We have accepted the rulings of the Land Department that the Kohnyo location covered the southerly as well as the northerly end of that claim. Such was the decision of May 28, 1895, and that of the Secretary of the Interior of May 7, 1898, and the formal cancellation of July 15, 1898. In this separate distinct proceeding counsel cannot challenge these rulings. The attack is collateral and cannot be entertained. Steel v. Smelting Company, 106 U.S. 447; Smelting Company v. Kemp, 104 U.S. 636. True those decisions refer to instances where the patent had issued, but the principle of freedom from collateral attack is equally applicable where final entry has been made. The final certificate issued by the receiver after the submission of final proof and payment of the purchase price, where such is required, has been repeatedly held to be for many purposes the equivalent of a patent. We are advised in argument that the patent was issued, but it is objected that though such may be the fact it is not so stated in the facts agreed.

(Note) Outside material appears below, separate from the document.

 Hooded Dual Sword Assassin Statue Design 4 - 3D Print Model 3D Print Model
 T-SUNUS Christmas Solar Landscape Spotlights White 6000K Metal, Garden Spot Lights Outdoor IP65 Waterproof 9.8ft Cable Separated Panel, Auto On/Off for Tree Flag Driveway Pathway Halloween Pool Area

The cancellation of the entry of the seven hundred feet did *194 not rest on any defect in the original location. On the contrary, the Land Department held the proceedings sufficient to entitle the Kohnyo claimant to proceed to patent for this particular tract if it should so elect. It was only when the Kohnyo claimant abandoned that tract by making its election that it waived its right to patent it, and permitted the receiver's receipt to be cancelled to that extent.

That cancellation did not itself operate to restore the southerly tract to the public domain, which had already taken place by the action of the Kohnyo claimant in compliance with the judgment of the Land Department.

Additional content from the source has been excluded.